What does this mean? It means that people, once unemployed,
are moving to the ranks of the long-term unemployed - and
staying there. This is also also confirmed by the broad measure
of unemployment U6, which counts the unemployed,
the discouraged, and the crucially important "unemployment
effect of reduced hours" (i.e. for every four people cut back from
40 hours to 32, add one to the "currently unemployed" head count).

That number remains a depressing 17.2%.

Which brings up the second question - is this miraculous
Unemployment figure a statistical aberration?
I think we can safely say Yes.

To begin with, any raw count of U3 (the official
unemployment rate), has a Mean Statistical Error
of +/- 100,000. This number has remained very consistent,
even adjusting for its dependent variables labor force size
and labor force participation rate. So, allowing for error,
the true number could be anywhere from -11,000 to -111,000,
depending upon sample size and methodology, both of which
the BLS is free to alter at any time.

Further, when you take into account Seasonal adjustment,
which normally adjusts LFS (labor force size) and LFPR
(labor force participation rate) upward to account for seasonal
Holiday retail and shipping employment, this purportedly good
report is skewed further.

So, to confirm whether or not this "good news " is real,
I'm going to look at a proxy for the BLS numbers - The ADP
payrolls report, which measures an approximation of U3 through
payroll rather than household data.

The ADP numbers for November? Job Loss = -169,800
(still dismal, but improving), with a Holiday Seasonal
adjustment of +52,000.

Conclusion? Statistical and seasonal aberration most likely,
with all numbers within allowed statistical error.

Finally, we come to the "Conspiracy Theorist" outlook,
most frequently bandied about by websites such as
Zero Hedge, Naked
Capitalism, Calculated Risk, and others.

Basically, the "conspiracy" meme runs like this - The
Administration, Congress, The Fed, and the TBTF banks
(most prominently Goldman Sachs), were going to drastically
cook the November unemployment numbers to mislead the people.
And on the surface, there's some justification for this.

The forecasters were predicting that retailers were facing
the worst Holiday retail season in a generation. More retail
chain bankruptcies were predicted for the first quarter of 2010,
with all the attendant negative fallout for employment and
commercial real estate.

That's not what the Powers That Be want to hear, goes
the theory, so watch for an "October Surprise" - namely,
unemployment numbers that would be miraculously
optimistic, in order to goose consumer spending.

Did that happen? In my opinion - Maybe, but only because
this relatively meaningless statistical improvement has
been flogged beyond all credibility as being "positive" by
mainstream media types who should know better.
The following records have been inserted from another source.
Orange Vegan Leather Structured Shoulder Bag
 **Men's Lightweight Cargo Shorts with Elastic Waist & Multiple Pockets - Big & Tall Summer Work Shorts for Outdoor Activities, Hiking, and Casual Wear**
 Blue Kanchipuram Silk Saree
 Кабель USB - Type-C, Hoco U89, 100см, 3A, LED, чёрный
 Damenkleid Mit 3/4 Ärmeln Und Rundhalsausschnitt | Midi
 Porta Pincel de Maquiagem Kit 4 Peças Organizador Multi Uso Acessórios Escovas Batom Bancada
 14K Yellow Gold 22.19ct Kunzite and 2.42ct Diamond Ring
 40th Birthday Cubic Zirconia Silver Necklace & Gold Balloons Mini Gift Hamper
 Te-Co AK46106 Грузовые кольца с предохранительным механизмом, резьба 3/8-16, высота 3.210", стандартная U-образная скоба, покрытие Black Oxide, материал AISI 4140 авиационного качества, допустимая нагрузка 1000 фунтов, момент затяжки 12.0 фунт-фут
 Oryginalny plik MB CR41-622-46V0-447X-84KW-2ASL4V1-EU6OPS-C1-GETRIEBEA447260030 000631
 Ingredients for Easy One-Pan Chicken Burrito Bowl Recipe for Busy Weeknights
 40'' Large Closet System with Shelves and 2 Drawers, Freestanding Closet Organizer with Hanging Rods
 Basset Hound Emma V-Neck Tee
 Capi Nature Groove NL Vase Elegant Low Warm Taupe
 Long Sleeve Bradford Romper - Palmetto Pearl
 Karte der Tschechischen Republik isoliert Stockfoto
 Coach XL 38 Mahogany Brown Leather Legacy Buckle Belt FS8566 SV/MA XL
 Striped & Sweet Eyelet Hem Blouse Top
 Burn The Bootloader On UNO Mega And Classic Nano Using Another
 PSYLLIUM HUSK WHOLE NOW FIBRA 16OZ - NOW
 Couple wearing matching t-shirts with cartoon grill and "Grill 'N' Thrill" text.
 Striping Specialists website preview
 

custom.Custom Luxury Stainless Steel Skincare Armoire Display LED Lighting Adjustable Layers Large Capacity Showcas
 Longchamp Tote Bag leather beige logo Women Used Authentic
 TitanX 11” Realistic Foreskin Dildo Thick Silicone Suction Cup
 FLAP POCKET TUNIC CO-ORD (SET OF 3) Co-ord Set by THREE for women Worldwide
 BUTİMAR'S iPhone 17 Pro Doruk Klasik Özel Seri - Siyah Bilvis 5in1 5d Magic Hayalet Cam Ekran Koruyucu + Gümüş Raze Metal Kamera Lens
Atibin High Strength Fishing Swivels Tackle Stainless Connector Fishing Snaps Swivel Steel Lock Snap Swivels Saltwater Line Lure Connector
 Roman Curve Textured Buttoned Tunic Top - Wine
Even Goldman Sachs - the hated Squid - put out its
November expectations as an improving
(but still negative) -101,000, with a qualifier to not
expect much improvement in the first or second
quarters of 2010.

This, in my mind, is consistent with the other data.

So - in conclusion? Things are still bad, but slowly getting
less so, and the economy will continue to bounce along
the bottom for the next several months.

Now that is not good news, for the politicians especially - but
we'll cover that later. And as for the "Green Shoots?"

Relax, they're not here yet.

2 comments:

  1. Obama needs to get going with a jobs programs of all kinds. Whoever wants to work can find work. Wish he could sign off on it with an executive order. George Bush redefined executive orders maybe Obama can do the same to turn the economy around?